The Emperor watches Television or is on the computer. But then he also is watching television when he is on the computer. So this poses somewhat of a problem at times. The problem being myself. As I said I was excited. I talked of what we should wear, what we should take, what time we should go. The Emperor did not want to talk of all these glorious plans. Alas he did not share in all of my excitement. Needless to say it was a rather tense day.
Now I know you are asking yourself why didn't she just shut up? Oh truly I tried but the words seemed to form themselves, my feet taking me to where he was. Just so I could share my excitement. An excitement, I must admit he didn't want to share.

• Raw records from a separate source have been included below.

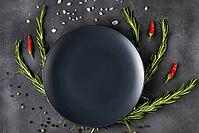 Empty black plate with rosemary branches and spices on a dark background. Top view with copy space [IBR123639523]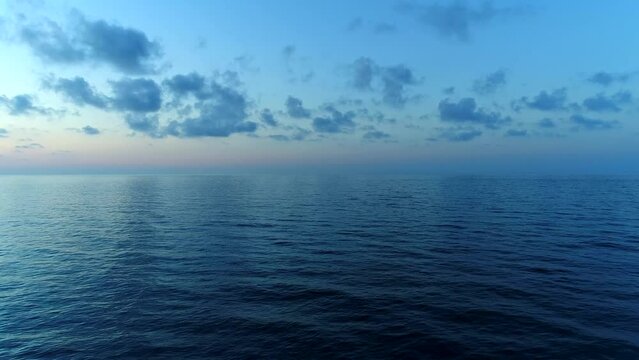Dark blue calm sea at sunset. Open sea or ocean in the evening, aerial view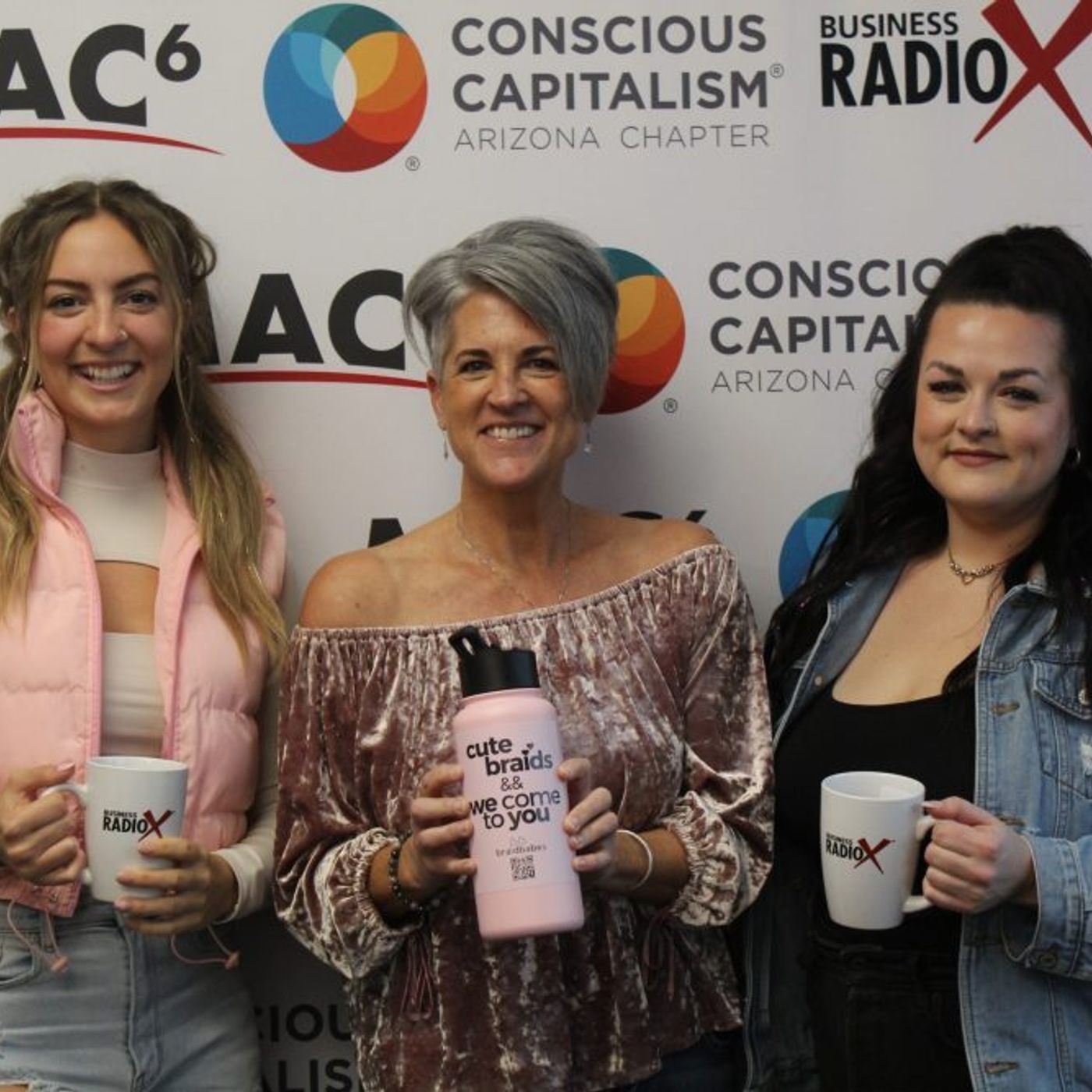 Emmily Bowman and Alex Chapman with braidbabes episode artwork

When it finally become close to the time to go. I like a six year old sat perched on the edge of the chair, a bowl of treats in my hands. Waiting with great anticipation. The Emperor looked at me with irritation. "Can't you put that d--n bowl down till we go?" I didn't put the bowl down. I was going to a party.
My daughter had the party. It amazes me all the effort and hard work she puts inTO these things she creates. She goes all out to give the grandkids and adults a wonderful time. There was hot dogs, a fountain with running chocolate, snacks of all kinds. Orange colored punch that tasted fantastic. The kids fixed their own pumpkins, everyone bobbed for apples. It as a wonderful time. And everyone dressed up, down to a couple of dogs. Another memory tucked away in my head. To be brought out on dreary days. Faces smiling and happy. Andrew a zombie, Victoria a television, Angel a present. My Billie a bowling Pin. Too many costumes to remember. But they are all there, tucked away with love in my mind.
So you see I must admit maybe I am getting a tad childish these days. Reverting back to my younger years when simple things excited me so much. But tell me what is wrong with being that way? We lose our childish glee as we grow older. Lose the happiness of running tHrough a puddle or dressing up for a party, your treat bowl in your hands. I really don't mind being childish. Sitting on the porch in my big wooden rocker, watching the leafs fall from my beloved trees. I never want to lose the wonder of life. The joy at seeing all those little faces, covered in paint and masks. Giving me a hug, telling me what they were suppose to be. So Billie, "Thanks for the memories."
Its still dark here in Blogland. Daylight not edging the sky yet. I hope I don't run into any ghosts or Vampires here this morning. I did see a black cat sitting on the curb in front of the one lonely store. Actually its a little spookier here than it is at home. I clutch my treat bag a little tighter. Its empty by the way. Not one piece of candy was given to me here this morning. I'm singing, "Put on your Easter bonnet." I don't know any Halloween songs. I'm nervous and have to sing something. And I'm on my way. I'm outta here.